▸ **DATA RECORDS**:
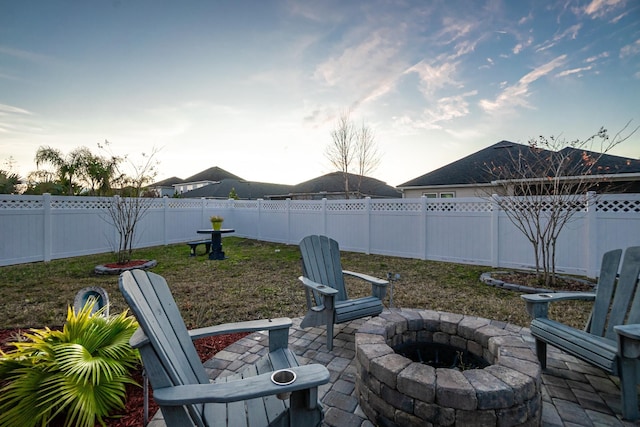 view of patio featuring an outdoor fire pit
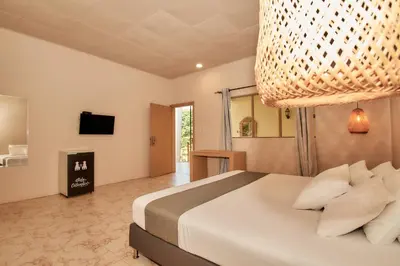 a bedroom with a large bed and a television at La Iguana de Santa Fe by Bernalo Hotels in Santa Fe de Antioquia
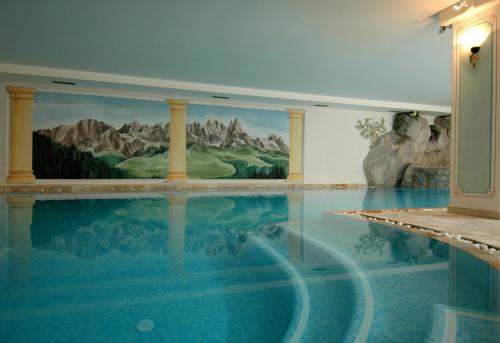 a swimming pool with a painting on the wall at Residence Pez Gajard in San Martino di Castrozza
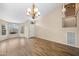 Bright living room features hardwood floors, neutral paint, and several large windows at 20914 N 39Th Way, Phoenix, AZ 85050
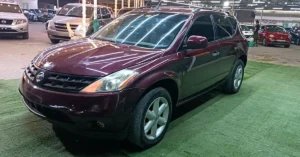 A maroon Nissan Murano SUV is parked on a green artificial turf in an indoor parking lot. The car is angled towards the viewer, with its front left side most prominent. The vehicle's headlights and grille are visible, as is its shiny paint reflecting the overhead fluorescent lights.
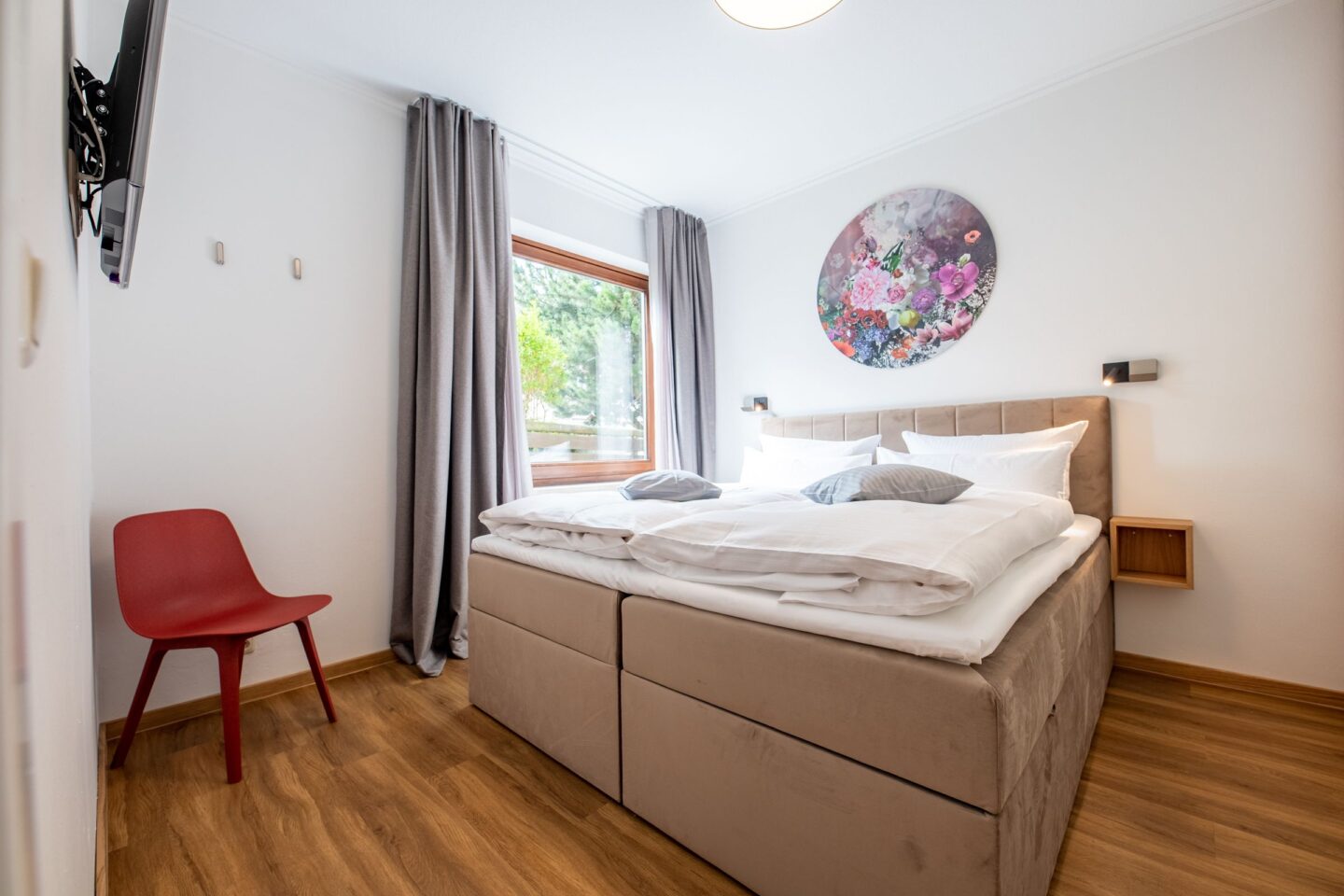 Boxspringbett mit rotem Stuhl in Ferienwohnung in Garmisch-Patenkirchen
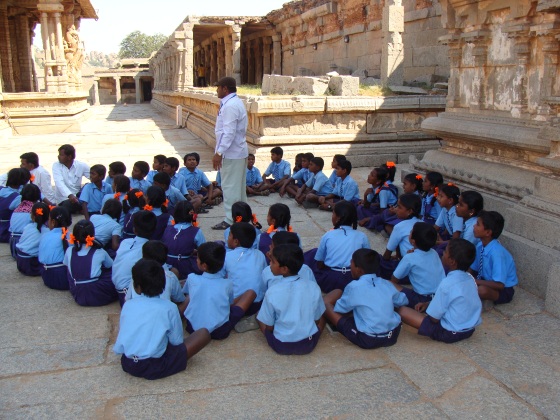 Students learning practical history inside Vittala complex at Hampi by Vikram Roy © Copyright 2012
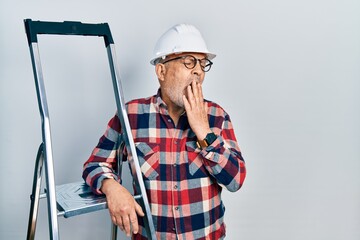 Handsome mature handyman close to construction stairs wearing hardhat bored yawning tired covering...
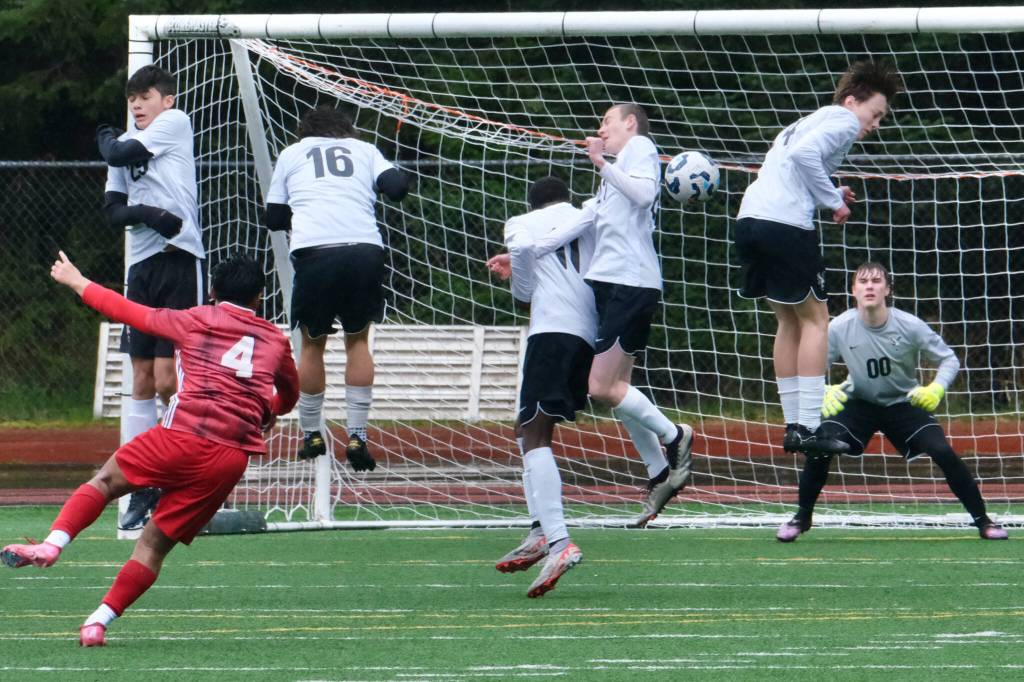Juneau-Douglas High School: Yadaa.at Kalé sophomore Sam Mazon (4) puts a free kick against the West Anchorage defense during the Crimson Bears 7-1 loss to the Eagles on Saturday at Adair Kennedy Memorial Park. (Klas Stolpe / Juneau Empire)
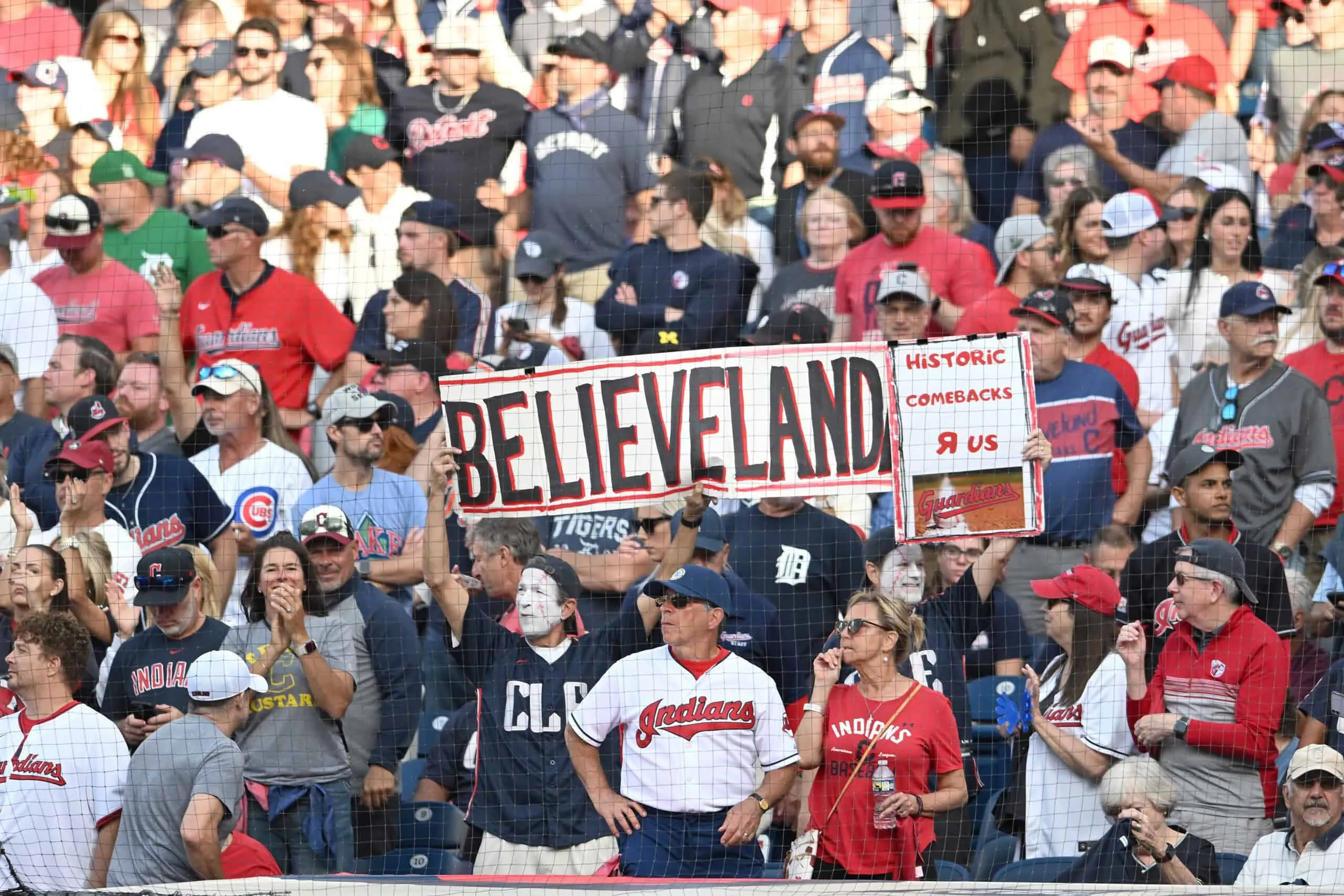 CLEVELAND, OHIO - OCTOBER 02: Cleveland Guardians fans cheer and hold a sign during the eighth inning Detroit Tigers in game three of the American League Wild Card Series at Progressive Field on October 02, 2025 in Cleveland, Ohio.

▸ **WHAT THE TASK REQUIRES**:
Each entry above is to be duplicated exactly, and its pictures omitted.

▸ **WRITTEN ANSWER**:
 view of patio featuring an outdoor fire pit
 a bedroom with a large bed and a television at La Iguana de Santa Fe by Bernalo Hotels in Santa Fe de Antioquia
 a swimming pool with a painting on the wall at Residence Pez Gajard in San Martino di Castrozza
 Bright living room features hardwood floors, neutral paint, and several large windows at 20914 N 39Th Way, Phoenix, AZ 85050
 A maroon Nissan Murano SUV is parked on a green artificial turf in an indoor parking lot. The car is angled towards the viewer, with its front left side most prominent. The vehicle's headlights and grille are visible, as is its shiny paint reflecting the overhead fluorescent lights.
 Boxspringbett mit rotem Stuhl in Ferienwohnung in Garmisch-Patenkirchen
 Students learning practical history inside Vittala complex at Hampi by Vikram Roy © Copyright 2012
 Handsome mature handyman close to construction stairs wearing hardhat bored yawning tired covering...
Juneau-Douglas High School: Yadaa.at Kalé sophomore Sam Mazon (4) puts a free kick against the West Anchorage defense during the Crimson Bears 7-1 loss to the Eagles on Saturday at Adair Kennedy Memorial Park. (Klas Stolpe / Juneau Empire)
 CLEVELAND, OHIO - OCTOBER 02: Cleveland Guardians fans cheer and hold a sign during the eighth inning Detroit Tigers in game three of the American League Wild Card Series at Progressive Field on October 02, 2025 in Cleveland, Ohio.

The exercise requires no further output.